Ecco BRILLO, il robot napoletano che parla e prepara i cocktail
Dopo il robot che costruisce ferrovie in Giappone e i cani-robot usati per i pattugliamenti negli Stati Uniti, dall'Italia arriva il robot bartender. Il suo nome è BRILLO (Bartending Robot for Interactive Long Lasting Operations) ed è stato sviluppato da un team di scienziati dell'Università Federico II di Napoli in collaborazione con PRISCA Labs e Totaro Automazioni. Quest'ultima è un'azienda italiana specializzata in macchine per catene di montaggio alimentari.

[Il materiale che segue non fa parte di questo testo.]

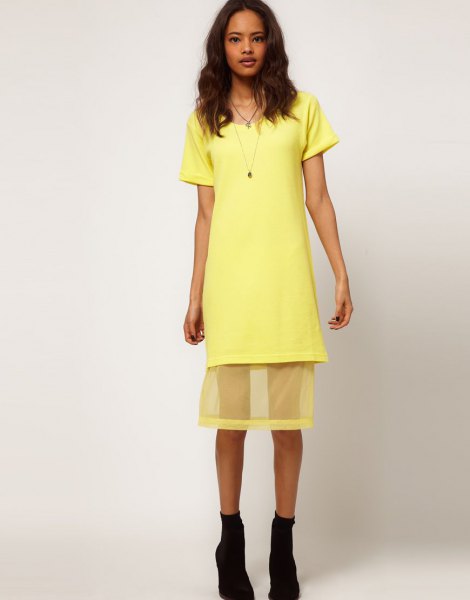 yellow shirt dress with semi-transparent mesh overlay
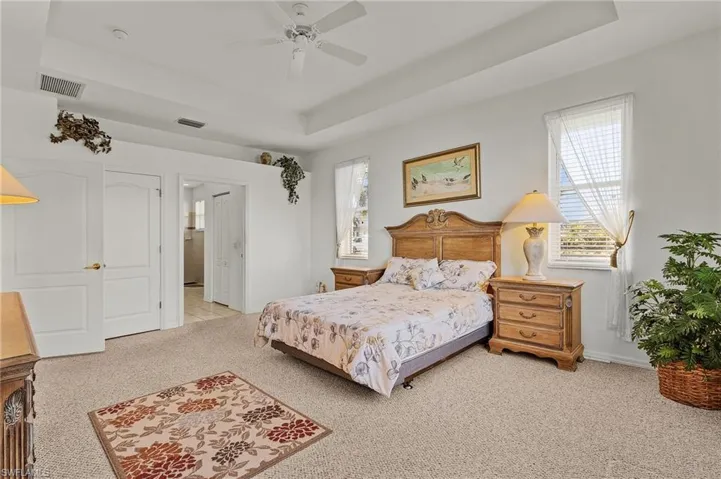 Carpeted bedroom featuring a tray ceiling and ceiling fan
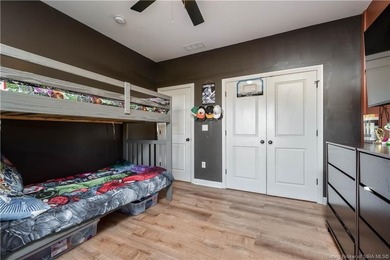 This beautifully designed Discovery Built one-story home offers on Champions Pointe Golf Course in Indiana - for sale on GolfHomes.com, golf home, golf lot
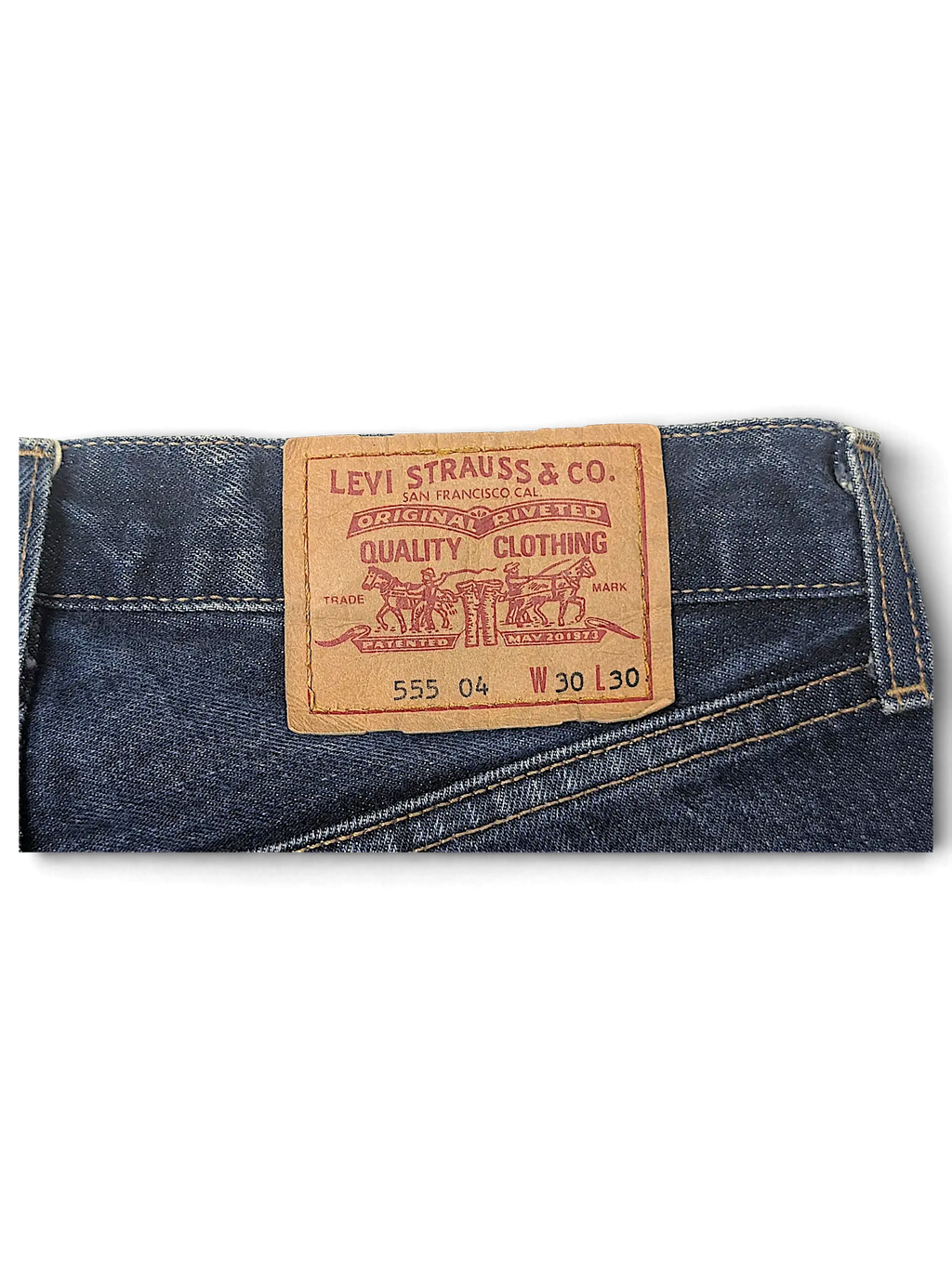 JAKE & IPI Levi's 555 denim jeans featuring a classic tan leather back waist patch with size W30 L30 details.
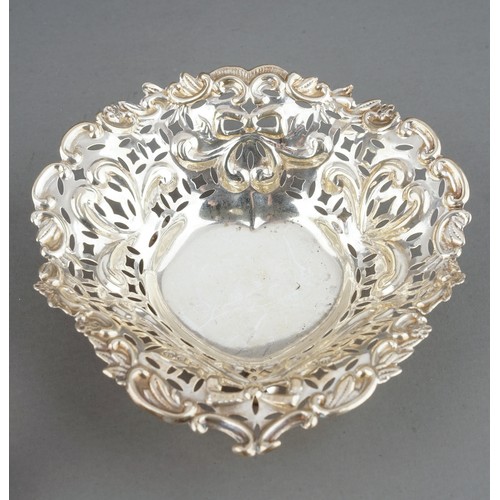 216 - A collection of late 19th/early 20th Century to include: bowl with crimped edges, heart shaped ring ... 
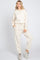 woman wearing a cream oversized sweatshirt and matching joggers, styled with a relaxed fit and side pockets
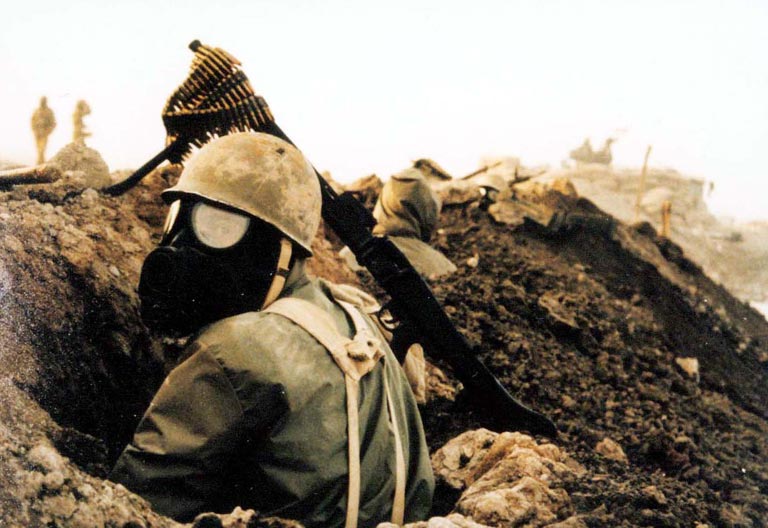 An Iranian soldier wearing a gas mask during the Iran–Iraq War.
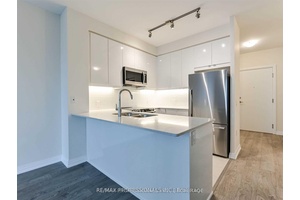 Welcome to this bright and modern 1 Den corner unit at Cypress at Pinnacle, offering stylish urban living with exceptional convenience.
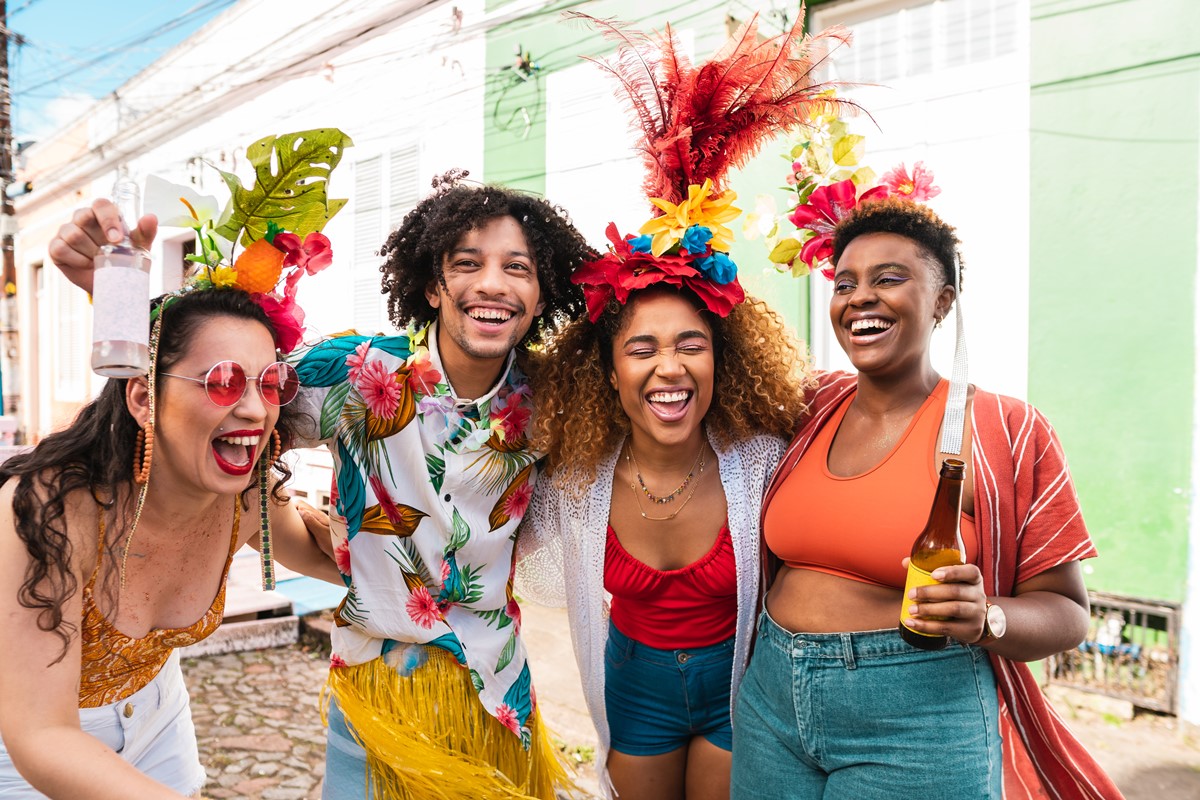 Grupo de quatro pessoas em adereços de carnaval - metrópoles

BRILLO potrebbe inquietare a primo impatto, nonostante sia dotato di un volto simile a quello umano: ha delle lunghe braccia metalliche attraverso cui creare i cocktail richiesti, mentre l'estetica strizza l'occhio al vintage, come dimostra il gilet azzurro e il papillon rosso. Un miscuglio di elementi particolare, che però non inficia sul suo funzionamento, basato su algoritmi di apprendimento automatico. Questi consentono a BRILLO di acquisire esperienza per la preparazione dei drink e di ricordare i gusti dei clienti. Può persino parlare e fare batture, se si è dell'umore giusto.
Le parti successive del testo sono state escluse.